[GIVEN DATA]
_ _ _ _ _

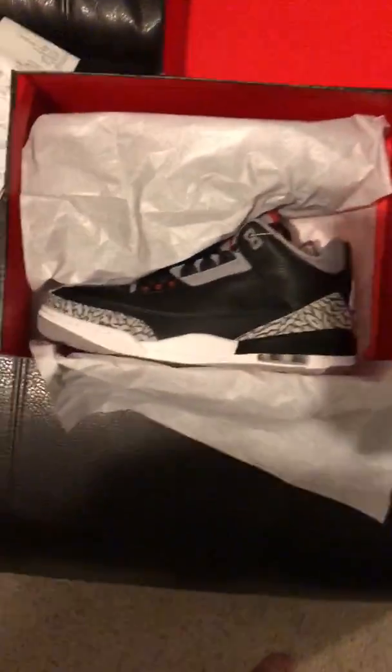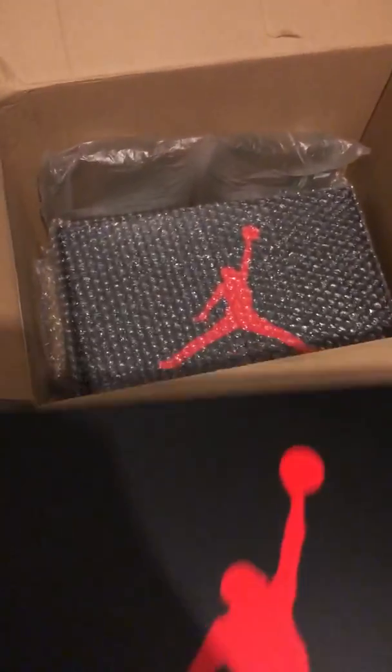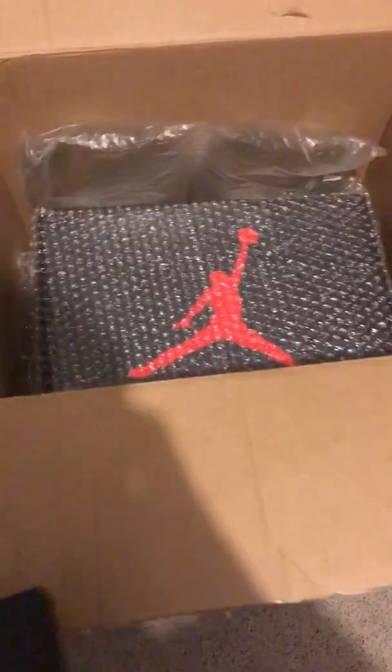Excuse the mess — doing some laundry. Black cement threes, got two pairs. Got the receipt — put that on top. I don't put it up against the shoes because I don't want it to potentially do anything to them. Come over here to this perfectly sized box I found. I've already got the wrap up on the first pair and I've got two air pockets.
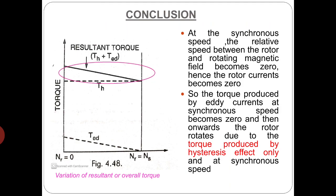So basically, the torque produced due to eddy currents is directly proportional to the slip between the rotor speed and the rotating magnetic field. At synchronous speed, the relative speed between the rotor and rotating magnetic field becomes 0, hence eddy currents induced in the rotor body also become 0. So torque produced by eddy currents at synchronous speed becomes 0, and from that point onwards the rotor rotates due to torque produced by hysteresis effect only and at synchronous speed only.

_ _ _ _ _

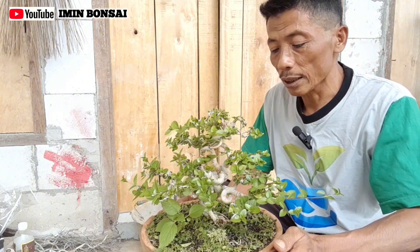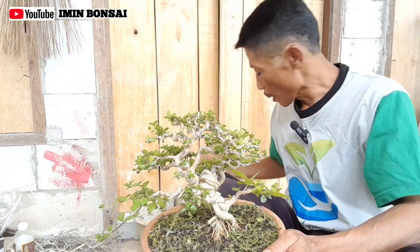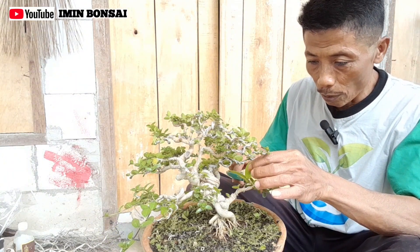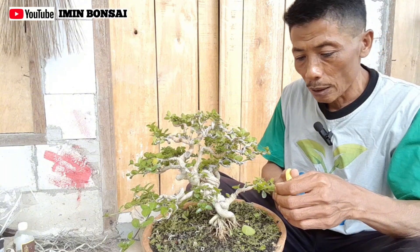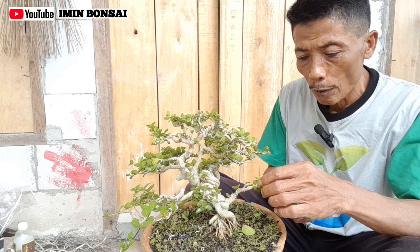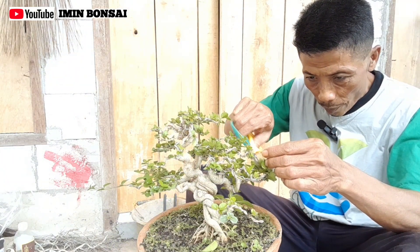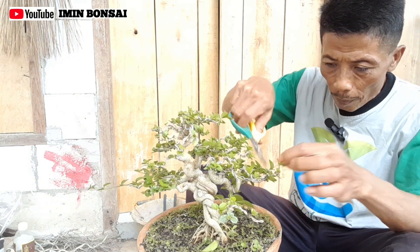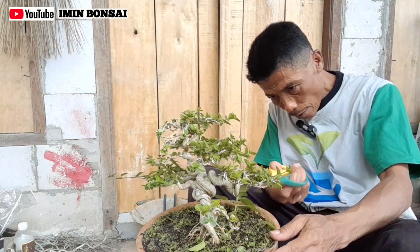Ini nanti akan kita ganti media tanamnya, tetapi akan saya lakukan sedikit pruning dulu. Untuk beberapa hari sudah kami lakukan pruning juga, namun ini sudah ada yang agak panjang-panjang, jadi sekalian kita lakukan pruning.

_ _ _ _ _

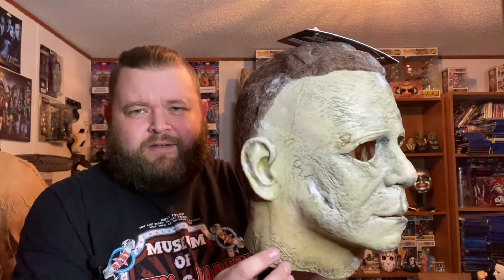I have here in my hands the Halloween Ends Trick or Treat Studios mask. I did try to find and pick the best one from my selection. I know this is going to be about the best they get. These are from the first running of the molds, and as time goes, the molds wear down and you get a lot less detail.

_ _ _ _ _

[WHAT THIS TASK INVOLVES] I would like the exact lines from the data above, starting with the one that holds "Excuse the mess" and going on through the one that holds "So basically, the", without the pictures.

[WRITTEN ANSWER]
Excuse the mess — doing some laundry. Black cement threes, got two pairs. Got the receipt — put that on top. I don't put it up against the shoes because I don't want it to potentially do anything to them. Come over here to this perfectly sized box I found. I've already got the wrap up on the first pair and I've got two air pockets.
So basically, the torque produced due to eddy currents is directly proportional to the slip between the rotor speed and the rotating magnetic field. At synchronous speed, the relative speed between the rotor and rotating magnetic field becomes 0, hence eddy currents induced in the rotor body also become 0. So torque produced by eddy currents at synchronous speed becomes 0, and from that point onwards the rotor rotates due to torque produced by hysteresis effect only and at synchronous speed only.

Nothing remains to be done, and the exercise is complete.